And we have seen and welcome the engagement of men in the debate. A sort of yin and yang of progress. I’m excited by the growing number of signatures to the UN’s Hefor She campaign, as they move towards their target of 1m pledges by July 2015. There are many examples in the private sector too. Of which Muhtar Kent, CEO of Coca Cola’s 5by20- the commitment to support 5m female entrepreneurs by 2020 is the most ambitious in its reach. And we see more public discourse, like this conference.

But…but

There is not a single country in the world where women have equal economic and political power to men. That’s a sentence worth repeating. It should never lose its power to shock. There is not a single country in the world where women have equal economic and political power to men.

The Global Leaders Meeting on Gender Equality and Women’s Empowerment this September, which will be hosted by UN Women in collaboration with the People’s Republic of China will still have a lot on its agenda.

As Christine Lagarde, Managing Director of the IMF, who has done so much for women’s advancement, has reminded us: the progress on levelling the playing field internationally has stalled. The gender wage gap stands at 10-30%.

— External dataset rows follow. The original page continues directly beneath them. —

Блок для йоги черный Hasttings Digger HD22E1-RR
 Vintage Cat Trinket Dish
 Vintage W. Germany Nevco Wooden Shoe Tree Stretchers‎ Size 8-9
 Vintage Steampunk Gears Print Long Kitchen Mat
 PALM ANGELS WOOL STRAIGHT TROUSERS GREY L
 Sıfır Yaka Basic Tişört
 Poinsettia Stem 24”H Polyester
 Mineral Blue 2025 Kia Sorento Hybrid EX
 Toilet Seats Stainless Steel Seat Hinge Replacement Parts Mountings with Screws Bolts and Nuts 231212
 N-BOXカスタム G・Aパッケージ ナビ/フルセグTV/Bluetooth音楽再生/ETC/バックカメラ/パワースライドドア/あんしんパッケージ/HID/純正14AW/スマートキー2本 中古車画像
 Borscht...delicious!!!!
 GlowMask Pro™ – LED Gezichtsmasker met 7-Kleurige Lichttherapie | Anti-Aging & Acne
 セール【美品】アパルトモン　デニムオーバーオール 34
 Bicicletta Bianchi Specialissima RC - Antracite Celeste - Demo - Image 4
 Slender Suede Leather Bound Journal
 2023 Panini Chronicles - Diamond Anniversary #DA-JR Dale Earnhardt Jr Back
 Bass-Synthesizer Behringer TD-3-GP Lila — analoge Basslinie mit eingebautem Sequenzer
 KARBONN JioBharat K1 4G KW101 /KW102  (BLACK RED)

Inequality makes a route out of poverty even harder to find. Although women in sub Saharan Africa manage 80% of the farmland, they access only 10% of the credit available for smallholders.

And female genital mutilation, rape, sexual harassment are still tragic, debilitating and unwarranted parts of the lives of many women and girls. I pay tribute to the many activists around the world who are campaigning for an end to them. And I welcome awareness raising activities, like Laura Bates’ EveryDay Sexism project which remind us of the everyday currents in our society that leech our energy and undermine women day after day. We all know egregious examples. I am not going to dignify the examples by repeating them.

What to do?

The century of women is a prize worth having, not just for women but for all society. There is not one country not one region that wouldn’t benefit. It seems so close. But there is so much to do. Each of us has a part to play. So that together, with the sum of all our efforts and ideas, we can finally step over the threshold to make the 21st century a century of women.

With that in mind, and to stimulate discussion and thinking, I want to share some of my own organisation’s story: what we have done in the Foreign Office. And I want to make a personal commitment here in China.

The FCO’s story

The Foreign Office started behind the line. Women were admitted to the FCO only in 1947. “About time too” said Lady Cicely Mayhew, who was one of that cohort. But even then, until 1972 they had to resign on marriage. The first female Ambassador was appointed only in 1976, and the first married Ambassador not until 1987.

But we have been catching up this century. I am proud to be part of that. And I salute the work of Sir Simon Fraser, the Permanent Under Secretary of the FCO and the Civil Service Diversity Champion, in the last 5 years.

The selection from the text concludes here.